Learning Objectives
After completing this lesson, you will be able to:
- Explain the difference between hosting, publishing, and distribution.
- Describe the three-component mental model and what you control at each stage.
- Identify major hosting platforms and compare their costs.
- Choose an implementation level matching your project goals and technical comfort.
- Describe how to submit to Apple Podcasts, Spotify, and YouTube.
- Explain why publishing consistency builds and retains an audience.
- Create a publishing plan with schedule, platforms, and first four episode topics.
Vocabulary
| Term | Definition |
| Podcast Host | Service storing audio files and generating the RSS feed that directories read. |
| RSS Feed | Formatted file telling apps what episodes exist, their titles, and where to find the audio. |
| Distribution Platform | Service where listeners discover and consume podcasts (Apple, Spotify, YouTube). |
| Publishing | Uploading an episode with metadata and making it available through your RSS feed. |
| Metadata | Descriptive info: title, description, tags, category, date, episode number, artwork. |
| Directory Submission | Submitting your RSS feed URL to listening platforms. Each requires separate submission. |
| Feed Validation | Checking your RSS feed for errors before platform submission. Managed hosts handle this. |
| Managed Host | Hosting service handling storage, RSS, analytics, and submission with minimal technical skill. |
Core Concepts
The Three-Component Mental Model
Your host is the source (stores files, generates RSS). Your RSS feed is the delivery mechanism (tells platforms what you have). The platforms are the audience (Apple, Spotify, YouTube display your content). Your podcast lives with your host. The platforms are windows into it. This tells you what you control and what you can migrate.
The Four Implementation Levels
Level 1: Fully Managed Hosting ($0-20/month). Buzzsprout, Libsyn, Podbean, RSS.com, Transistor, Captivate, Castos. Start here. Level 2: Website-Integrated. Embed player on your site, connect hosting feed. Level 3: Team/Network. Multiple shows, role-based access, shared analytics. Level 4: Self-Managed. Own server, own RSS. Do not start here unless you have a specific technical reason.
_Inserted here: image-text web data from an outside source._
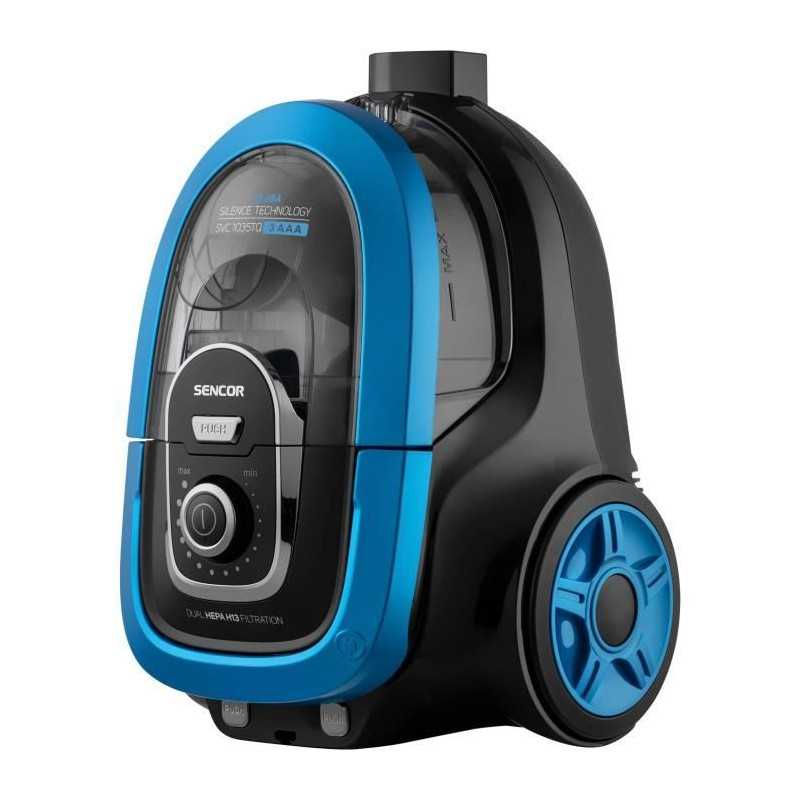 Aspirateur traineau sans sac - SENCOR - SVC-1035TQ - 750 W - 75 dB - 1 L - Noir / Bleu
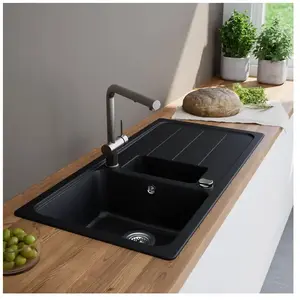 enoova evineo line 100 Évier de cuisine avec bac à restes et surface de dépose l: 100 P: 50 cm, FOD150LBL,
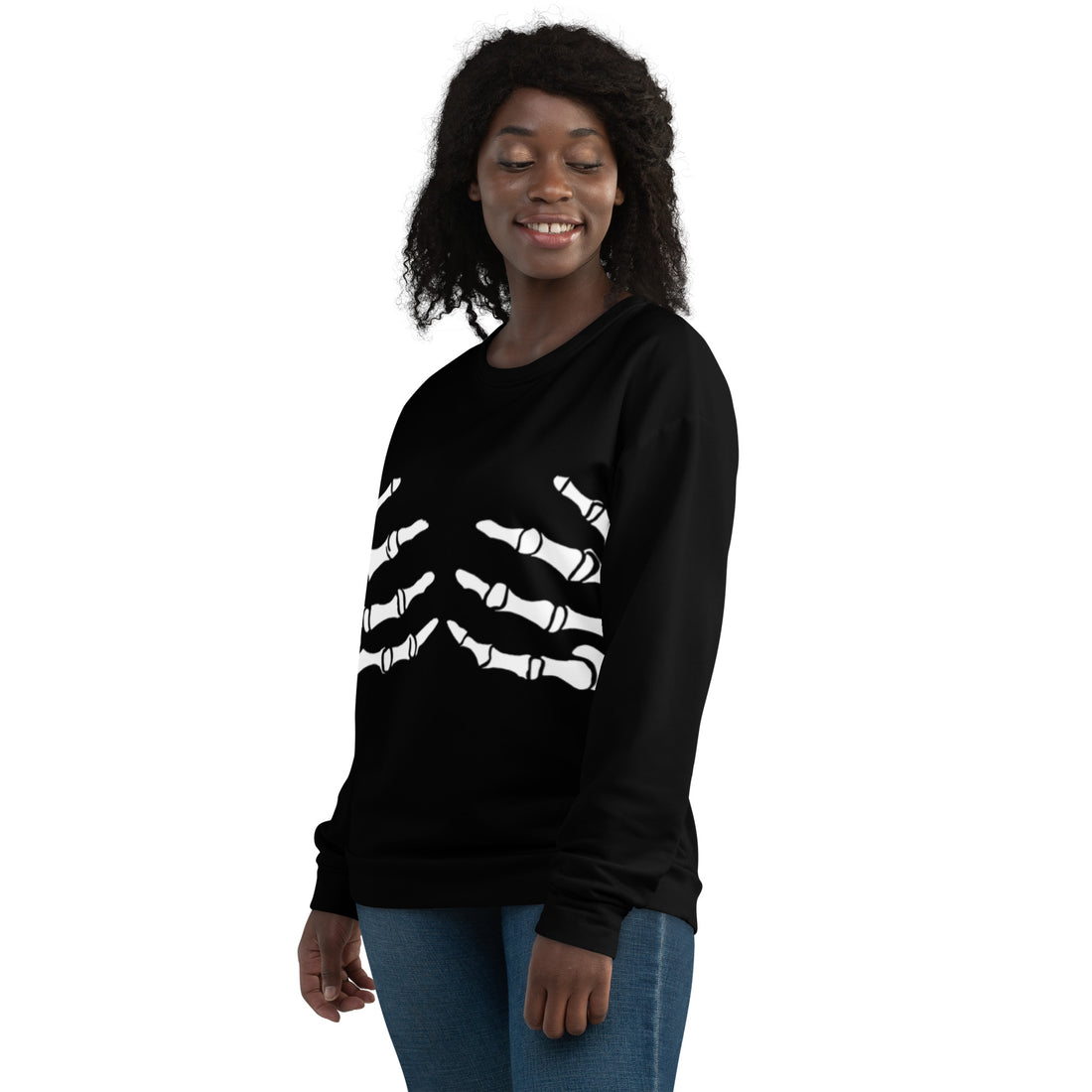 Spooky Skeleton Graphic Sweatshirt for Women in black with white skeleton design.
Submitting to Major Platforms
Apple: submit through Apple Podcasts Connect. Requires valid RSS feed, artwork (min 1400×1400, recommended 3000×3000), at least one episode. Review 24-48 hours. Spotify: submit through Spotify for Creators. YouTube: connect RSS feed through YouTube Studio. Each platform requires separate submission.
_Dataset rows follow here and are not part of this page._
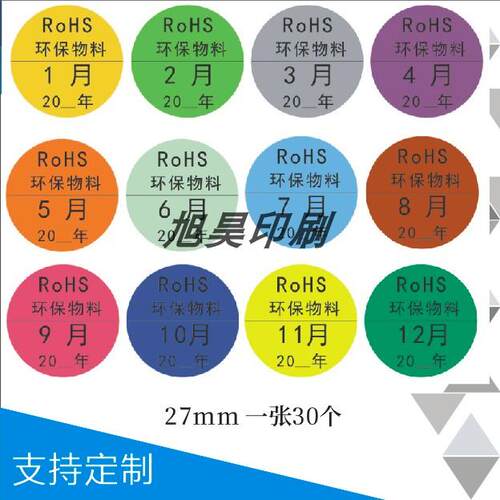 彩色圆形标签贴27mm物料月份贴纸数字分类标签不干胶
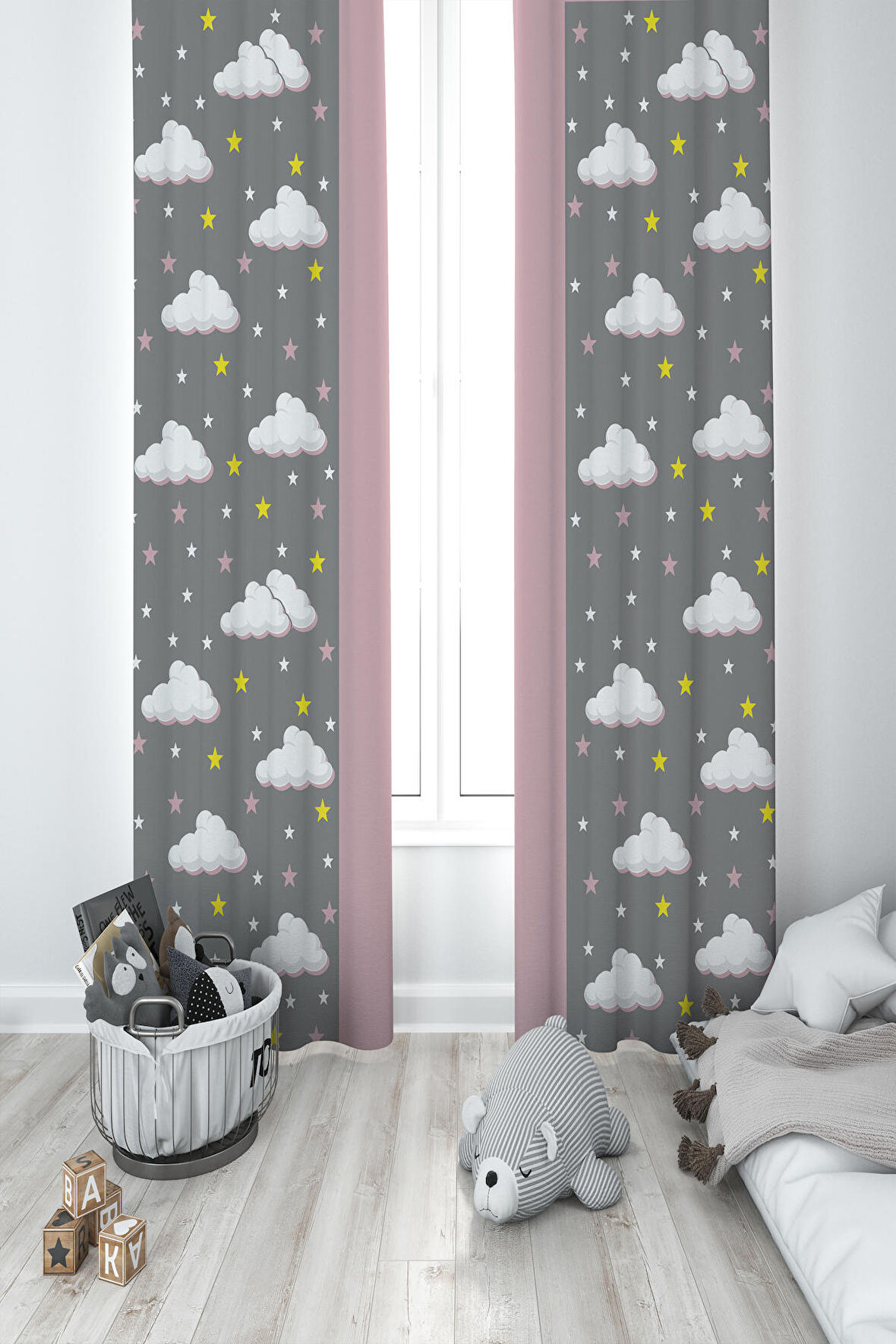 MEKTA HOME BEBEK VE ÇOCUK ODASI Bulut ve Yıldız Desenli Çerçeveli 2 Kanat Fon Perde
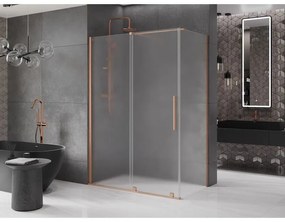 Mexen Velar, sprchový kút s posuvnými dverami 160 x 85 cm, 8mm sklo námraza, medená matná, 871-160-085-31-65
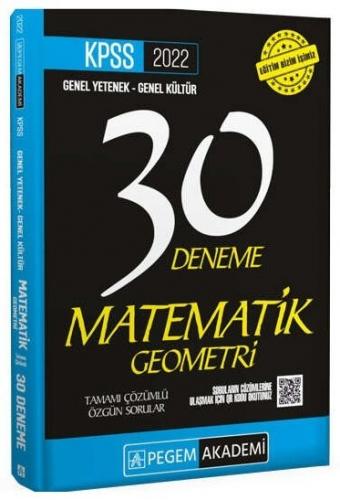 Pegem 2022 KPSS Matematik-Geometri 30 Deneme Çözümlü Pegem Akademi Yay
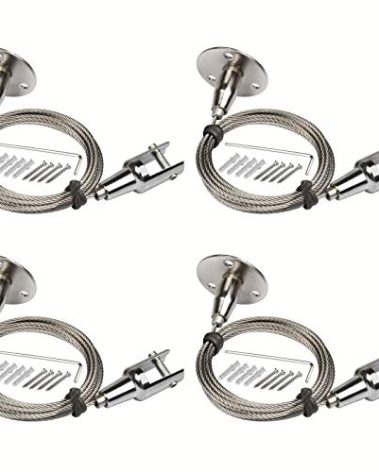 OTTFF 4 Pack 6.5 ft x 2 mm Ceiling Sign Hanger, Stainless Steel Picture Rail Hanging Wire, Adjustable Suspension Cable for Hanging Advertising Glass Arcylic Board Display, LED Panel Light, Load 66 lb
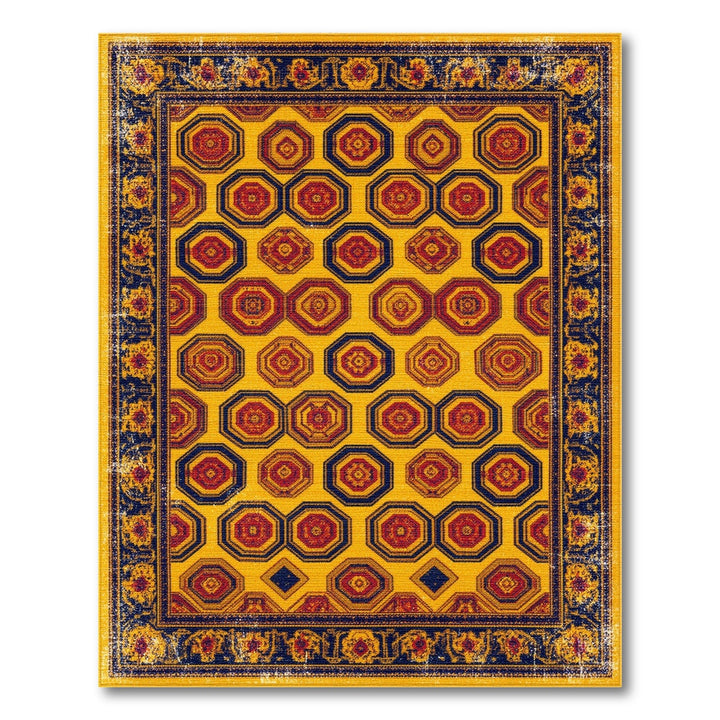 Yellow Geometric Octagon Distressed Area Rug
Audience Retention Through Consistency
John Elias: once you start publishing, your audience expects a schedule. Miss two Mondays in a row and numbers drop. The most committed podcasters record from hotel rooms on vacation. Pick a schedule you can sustain and stick to it. Consistency signals professionalism and builds listener trust.
Your Early Episodes Matter
Your historic episodes are permanent. Years from now, new listeners will go back to your first three episodes. They always do. From day one, work hard on quality. You do not need perfection, but you need to be able to look back with pride.
The Monetization Path
Viewers become subscribers. Subscribers attract sponsors. Sponsors lead to events, merchandise, and business. Some podcasters make a very good living. It starts with consistent publishing and quality content from episode one (J. Elias, 2026).
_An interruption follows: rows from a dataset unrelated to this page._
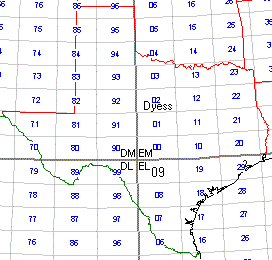 TEXAS GRID SQUARE MAP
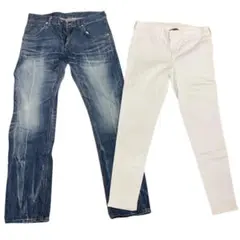 I16223 【美品】 エドウィン WX03 アメリカンイーグル 白 Gパン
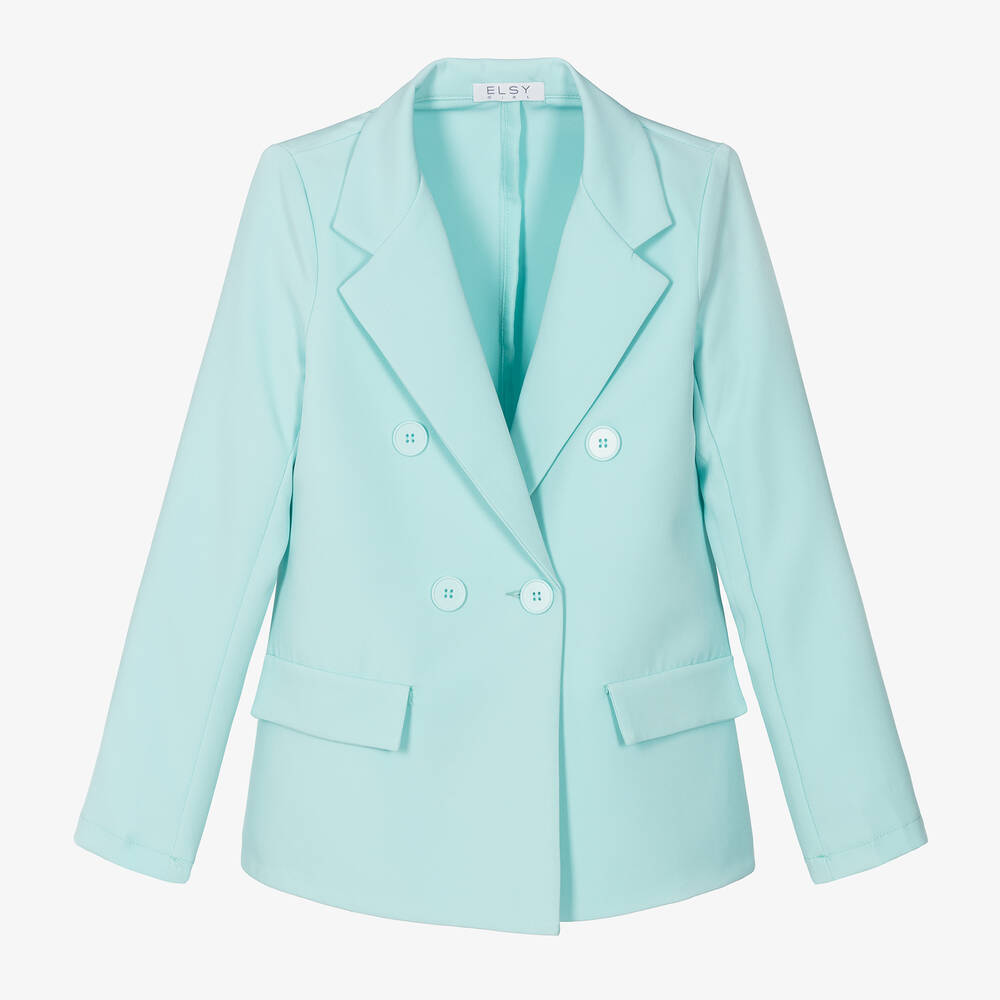 Elsy - Girls Turquoise Blue Crêpe Blazer | Childrensalon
| Scenario: The Class Project Launch First episode recorded and edited. Ten days until deadline. Today: sign up for Buzzsprout or RSS.com (free tier). Upload episode, write metadata, upload artwork. Tomorrow: submit RSS to Apple Podcasts Connect and Spotify for Creators. Day 3: verify both are live. Share links in course submission. Total cost: zero. Total time: about two hours over three days. The infrastructure is not the hard part. The content is. And you already have that. |
| Graduate Student Tip Your first three episodes will be the ones people go back to. Make them count. For class projects with a 10-week timeline, Level 1 hosting saves you from infrastructure troubleshooting during production crunch. You can migrate later. Do not let distribution consume time that should go to content production. Get published, get feedback, iterate. |
Hands-On Exercise: Build Your Publishing Plan
- Choose a hosting platform. Sign up for a free tier. Explore the dashboard for 15 minutes.
- Write a one-page plan: chosen host, distribution platforms, publishing schedule, first four episode topics.
- If you have a finished episode, upload and submit to at least one platform today.
- If not, upload a 30-second test file, verify it appears on one platform, then delete before your real launch.
Self-Check Questions
- What is the difference between a podcast host and a distribution platform?
- In the three-component model, what role does the RSS feed play?
- What implementation level is recommended for most students, and why?
- What does Apple Podcasts require before you can submit a show?
- Why does John Elias emphasize publishing consistency?
- What happens to your early episodes as your podcast grows?